W połowie grudnia ubiegłego roku w polskiej przestrzeni powietrznej znalazł się rosyjski pocisk manewrujący Ch-55. Po kilku miesiącach, w kwietniu, rakieta została znaleziona w lesie w Zamościu pod Bydgoszczą przez przypadkową osobę. O tym, że rakieta naruszyła przestrzeń powietrzną, miał nie wiedzieć ani premier Mateusz Morawiecki, ani prezydent Andrzej Duda, zwierzchnik Sił Zbrojnych.
Czytaj więcej
Szef gabinetu prezydenta Paweł Szrot oświadczył, że znaleziona została głowica z rakiety, która w grudniu 2022 r. spadła w Zamościu pod Bydgoszczą. Dodał, że głowica jest badana przez "odpowiednie instytucje".
Morawiecki: Wskazujemy również na tragiczny incydent w Przewodowie
- Generalnie Rosja powinna ponieść bardzo daleko idące konsekwencje dyplomatyczne nie za upadek rakiety, tylko za straszne zbrodnie, które popełnia na Ukrainie, za mordowanie dzieci, dorosłych, cywilów. To są okrutne zbrodnie i na to zwracamy szczególną uwagę na forum międzynarodowym w naszej działalności dyplomatycznej - powiedział w piątek Mateusz Morawiecki.

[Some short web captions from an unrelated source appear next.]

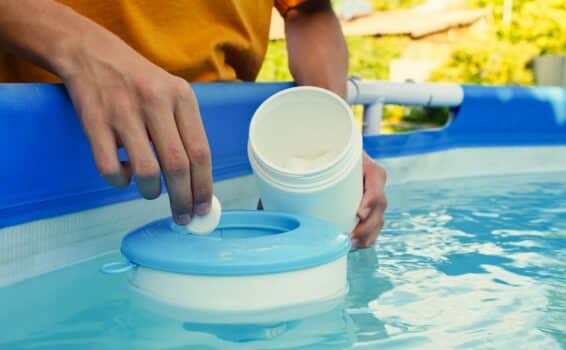 Hand holding white chlorine tablets over swimming pool skimmer. Chlorination of water in pool for disinfection and prevention against the development of microbes. High quality photo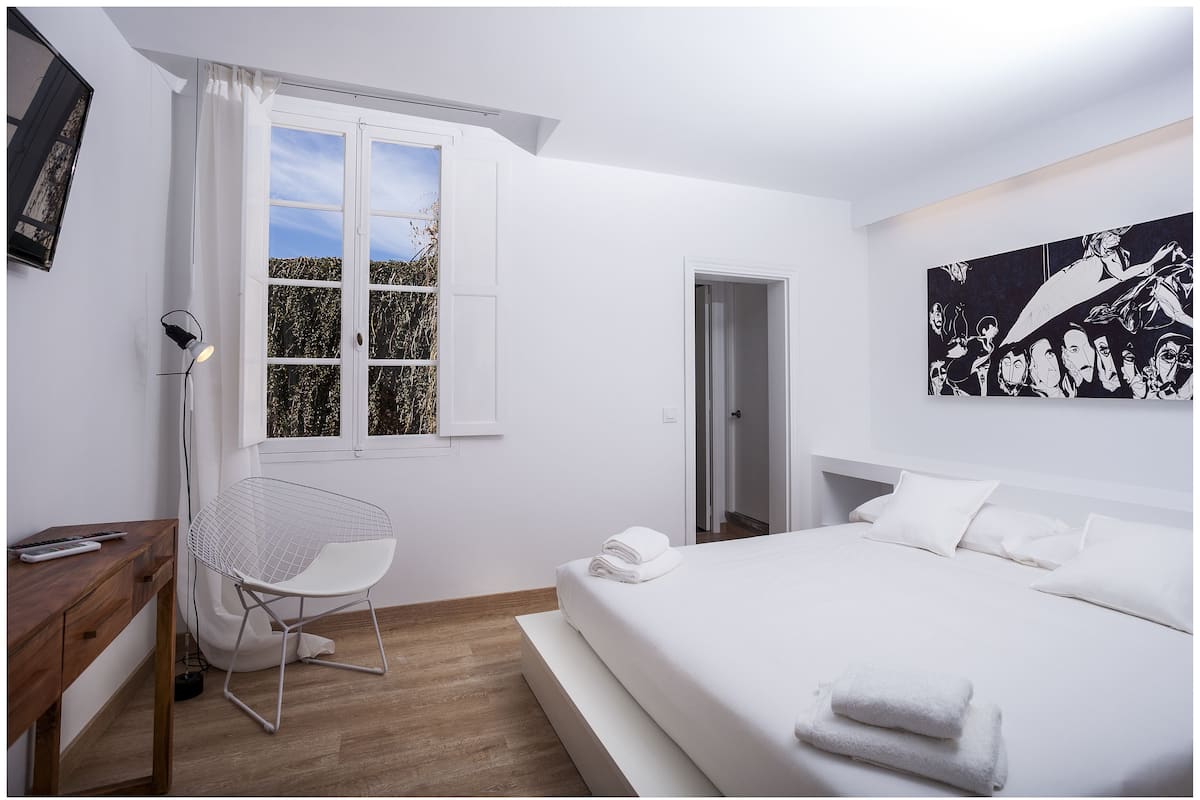 A bedroom with a large bed, a chair, a desk, and a window.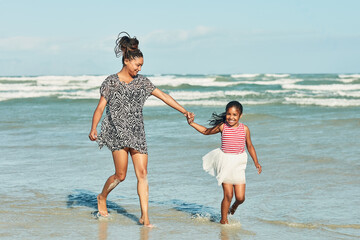 Sunny summer days are best spent at the beach. Shot of a mother and her little daughter enjoying a...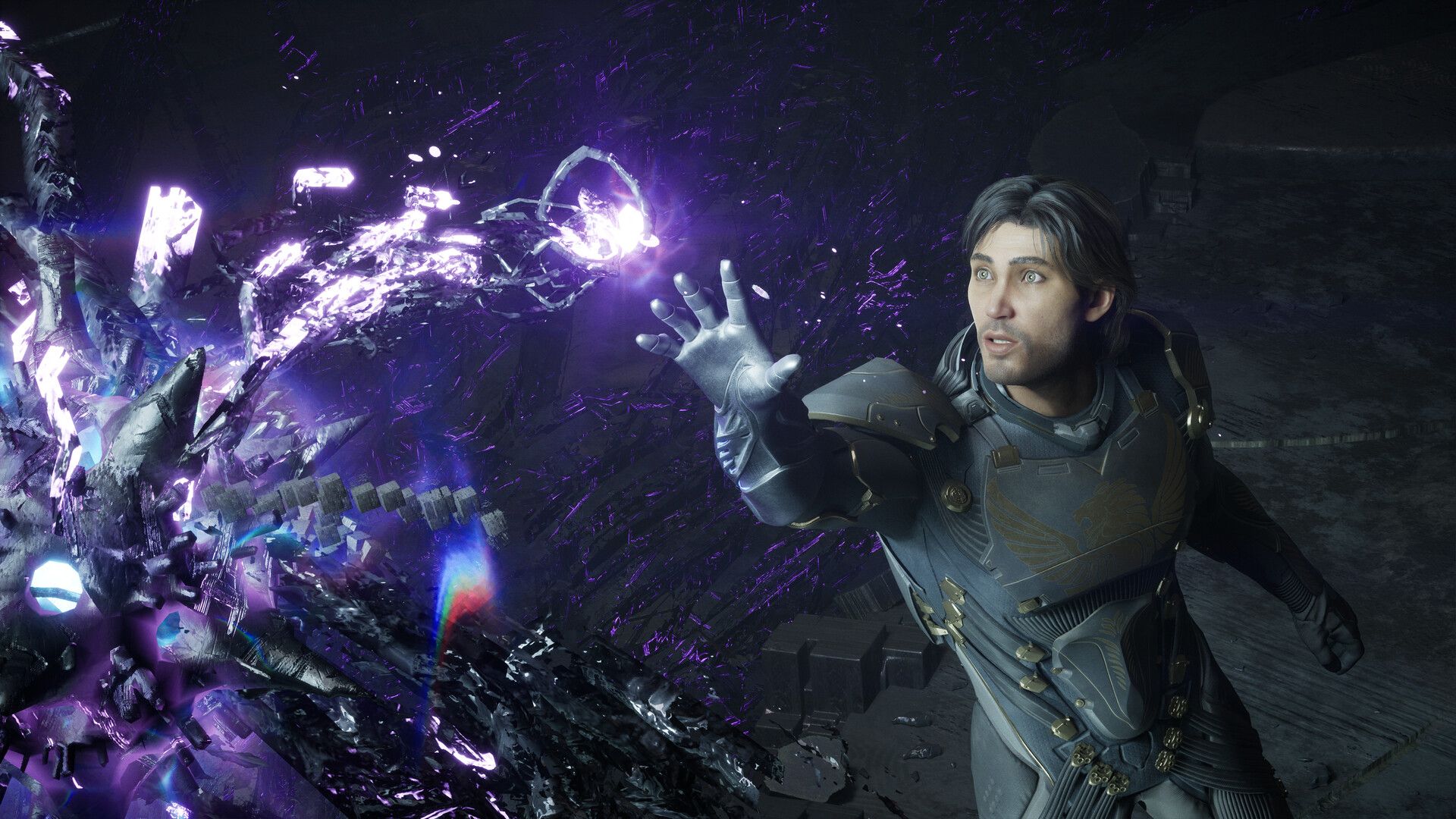 Screenshot from an Exodus trailer, showing a white man reach out to a glowy alien object in a dark room.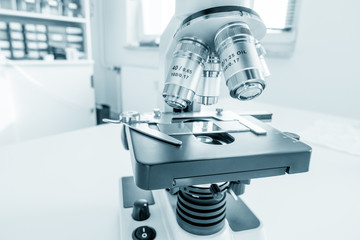 Science microscope on lab bench. Microbiology laboratory. Blue toned image of binocular microscope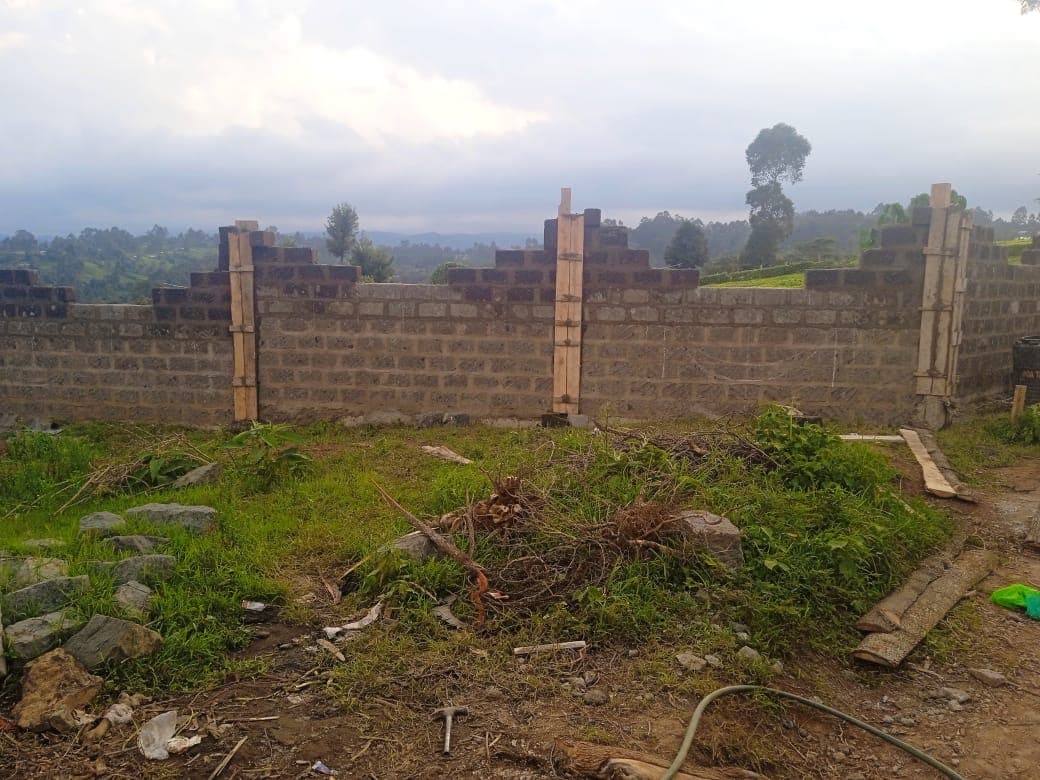 Block wall with wooden pillar supports and formwork still in place, grassy construction site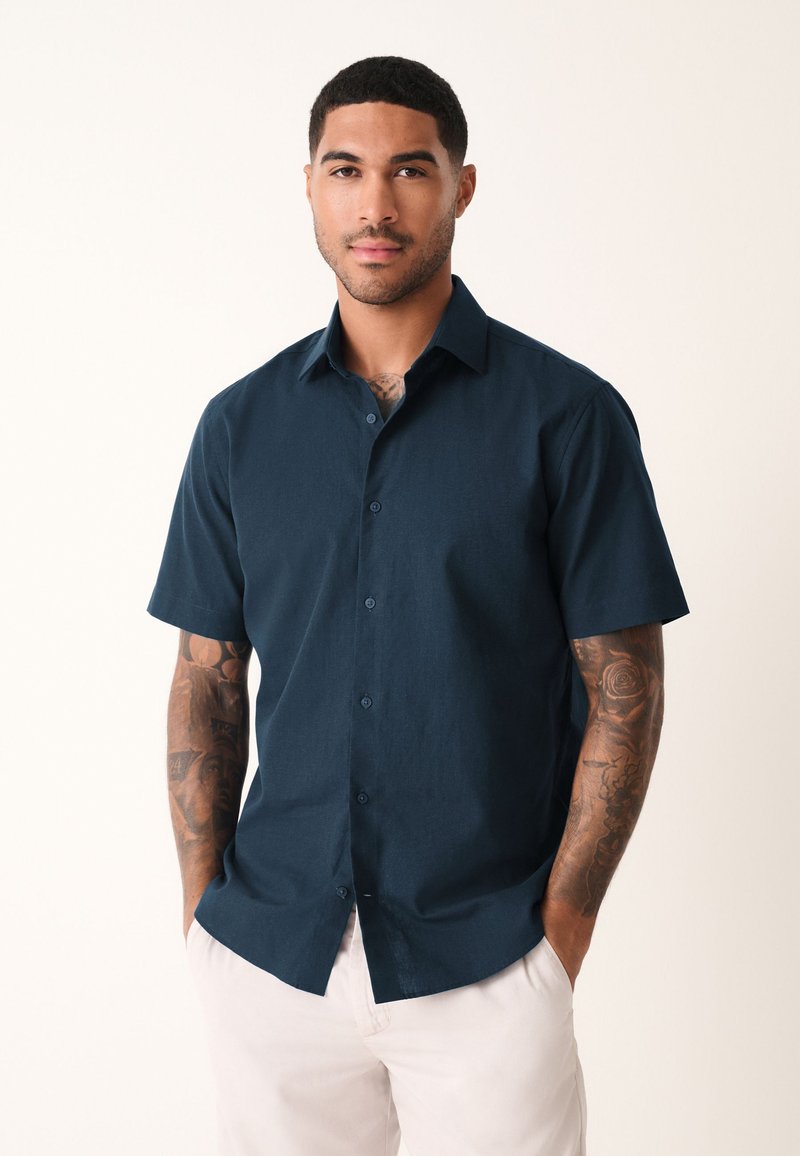 Korte mouwen, donkerblauw overhemd met knopen gemaakt van textuurstof, met standaard kraag en lichtblauwe knopen, gedragen met lichte broek.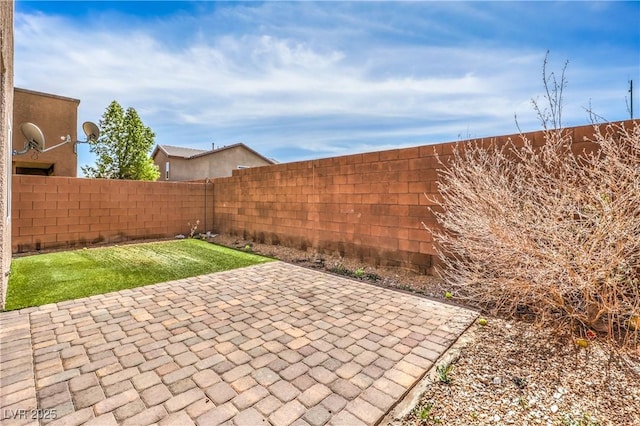 view of patio with a fenced backyard
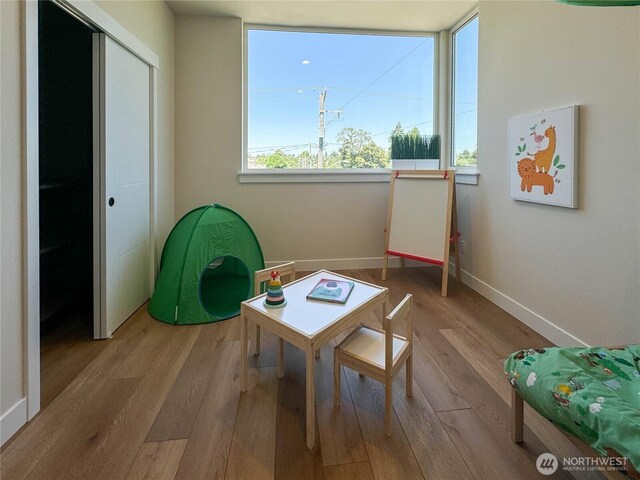 recreation room featuring baseboards and wood finished floors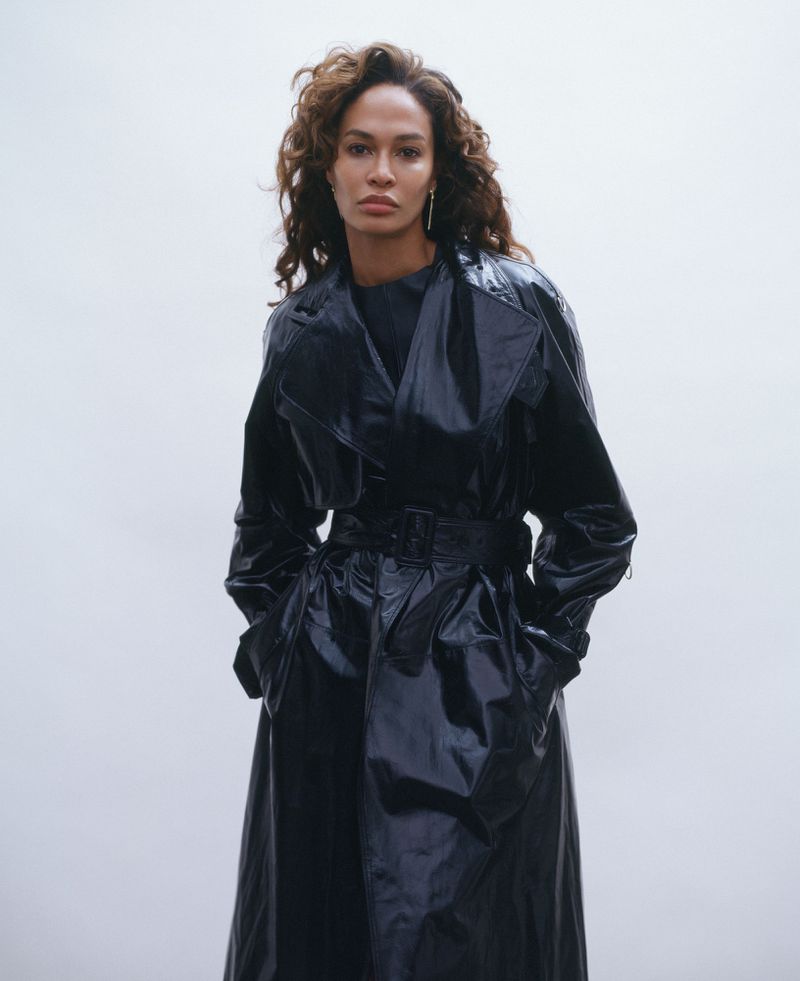 Portrait of an adult woman with curly brown hair wearing a shiny black trench coat looking at the camera against a light background.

- Oczywiście wskazujemy również na ten tragiczny incydent w Przewodowie (gdzie na skutek eksplozji prawdopodobnie ukraińskiego pocisku obrony powietrznej systemu S-300 15 listopada 2022 r. zginęło dwóch Polaków - red.), na działania, które wiążą się z obiektami latającymi nad terytorium Rzeczypospolitej, zresztą tak jak nad Rumunią czy Mołdawią, w wielu innych krajach pojawiają się takie obiekty latające - mówił premier.